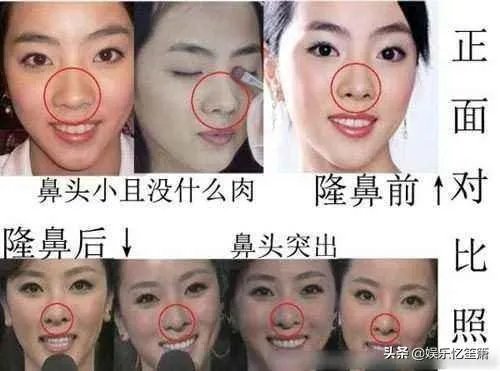 哪些女星本是天生丽质,却因整容整残了?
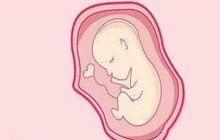 早期卵巢癌通过手术化疗能治愈吗？是什么引起卵巢癌症状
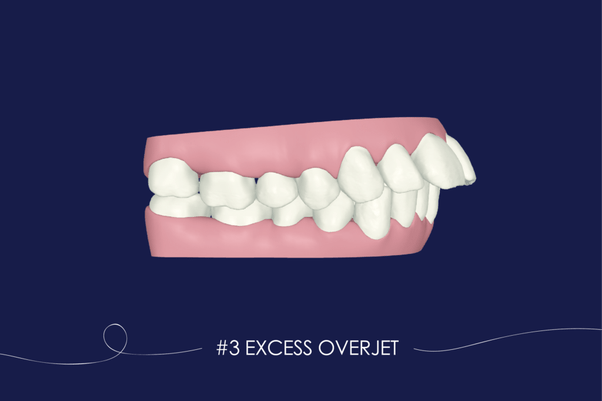 How much would it cost to fix crooked teeth? Quora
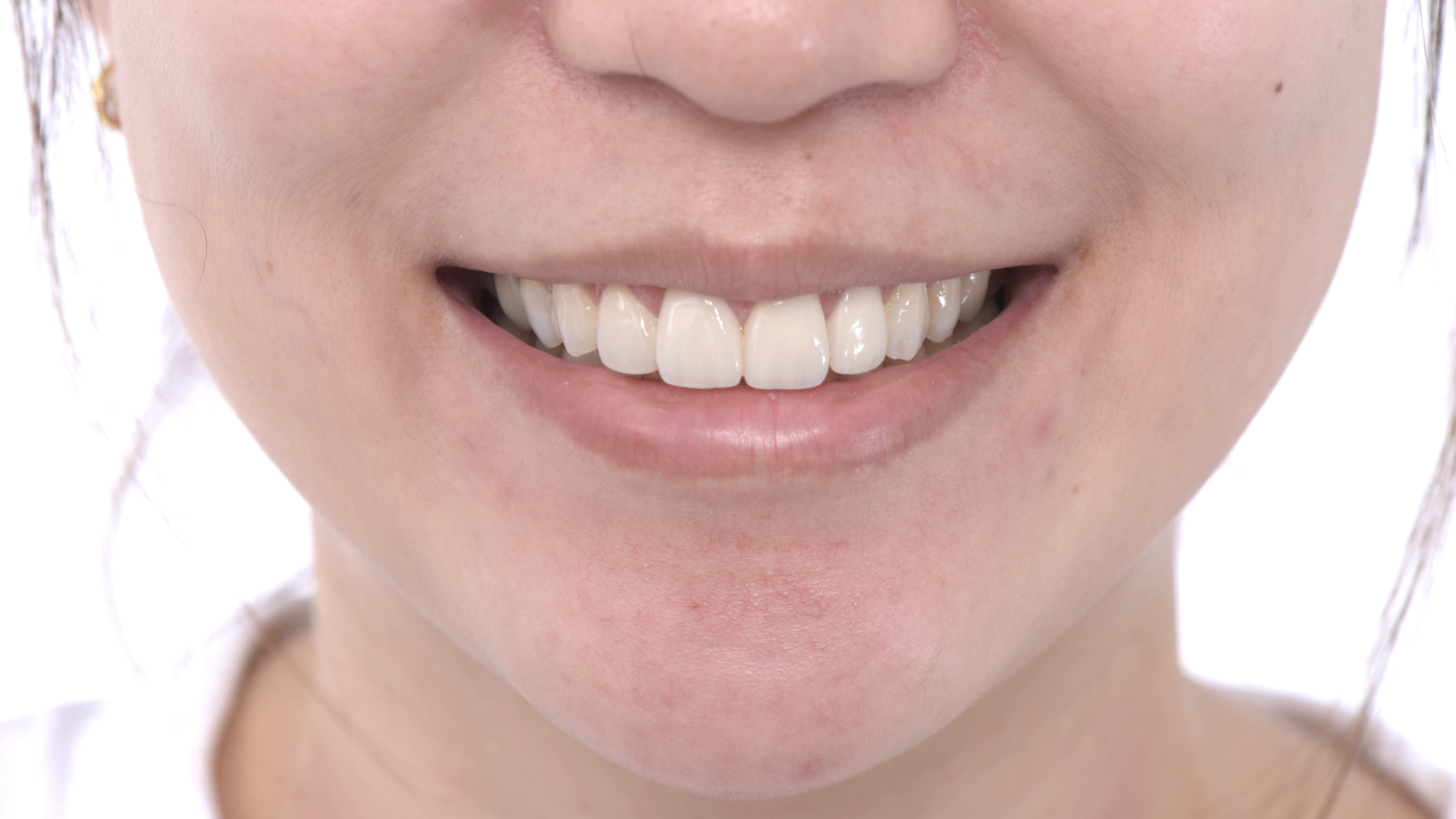 全瓷冠貼片符合微笑曲線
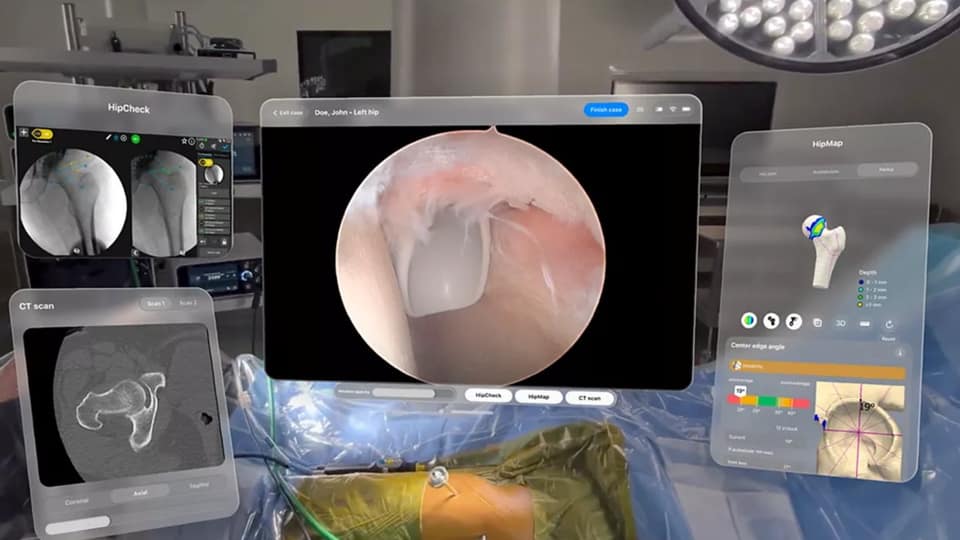 Surgeons keep finding reasons to use the Apple Vision Pro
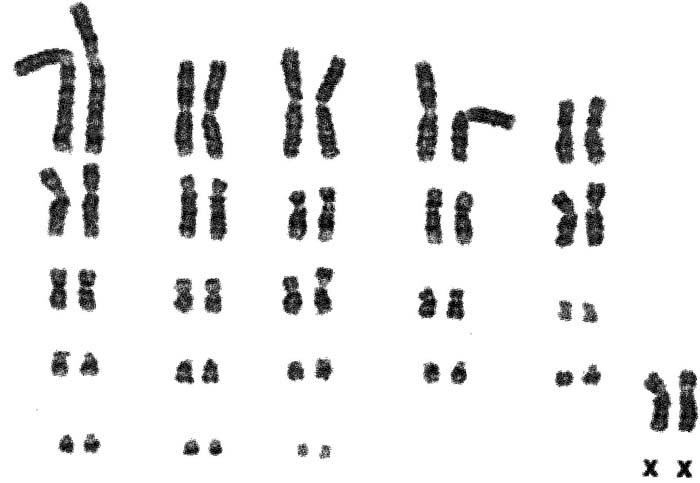Female sifaka chromosome set from CRES, as published by O’Brien et al. (2006).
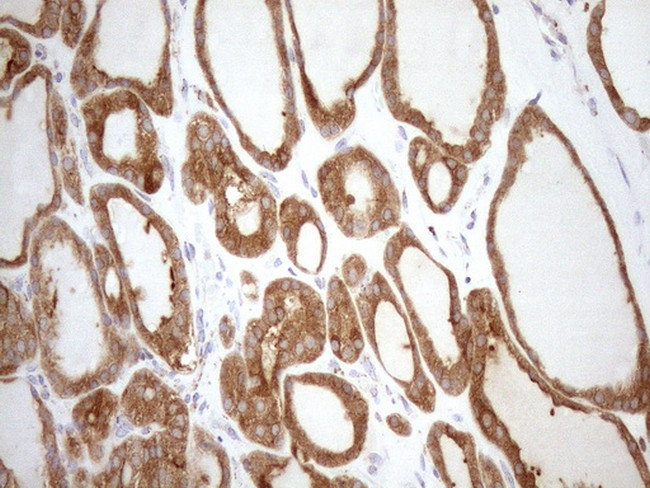 SHMT2 Antibody in Immunohistochemistry (Paraffin) (IHC (P))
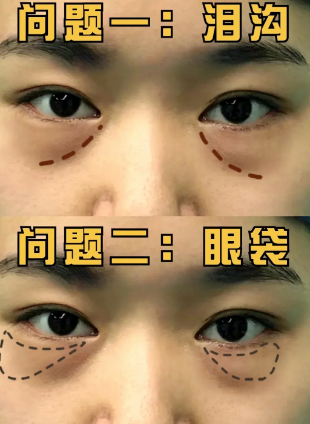 去眼袋手术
==========
_Task to carry out:_ Please write out exactly the lines from the one containing "How much would" through the last line of the records above, and leave out any pictures.

_Answer area:_
 How much would it cost to fix crooked teeth? Quora
 全瓷冠貼片符合微笑曲線
 Surgeons keep finding reasons to use the Apple Vision Pro
Female sifaka chromosome set from CRES, as published by O’Brien et al. (2006).
 SHMT2 Antibody in Immunohistochemistry (Paraffin) (IHC (P))
 去眼袋手术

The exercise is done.